> **What you have to do**
Images excluded, repeat each entry below exactly.

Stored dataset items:
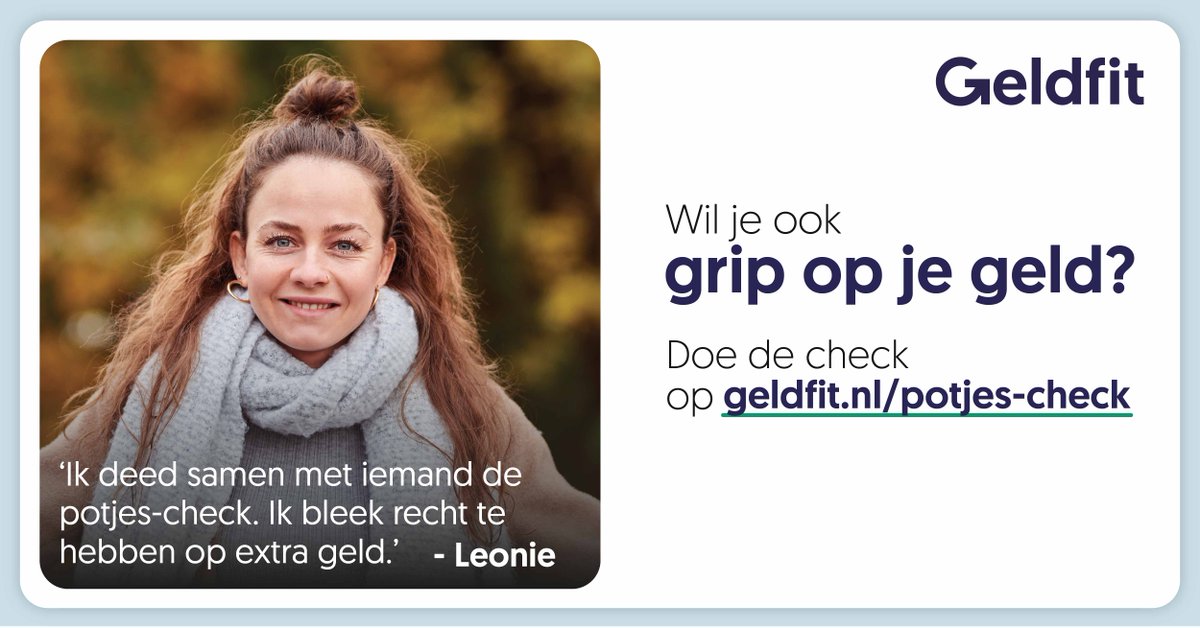 'De energierekening was € 1.000. Dat heb ik niet liggen. Met de potjes-check zag ik dat ik extra geld kan krijgen. 💰 De mensen van de wijkwinkel kunnen me helpen met aanvragen.🖊️‘
Kijk ook op geldfit.nl/potjes-check.
Meer tips op capelleaandenijssel.nl/geldzorgen 
#Geldfit #gripopjegeld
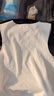 莫代爾男士無(wú)痕保暖背心加絨加厚修身打底衫秋冬內衣馬甲上衣 白色+白色【2件裝】 3XL 曬單實(shí)拍圖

> **Result of this exercise**
 'De energierekening was € 1.000. Dat heb ik niet liggen. Met de potjes-check zag ik dat ik extra geld kan krijgen. 💰 De mensen van de wijkwinkel kunnen me helpen met aanvragen.🖊️‘
Kijk ook op geldfit.nl/potjes-check.
Meer tips op capelleaandenijssel.nl/geldzorgen 
#Geldfit #gripopjegeld
 莫代爾男士無(wú)痕保暖背心加絨加厚修身打底衫秋冬內衣馬甲上衣 白色+白色【2件裝】 3XL 曬單實(shí)拍圖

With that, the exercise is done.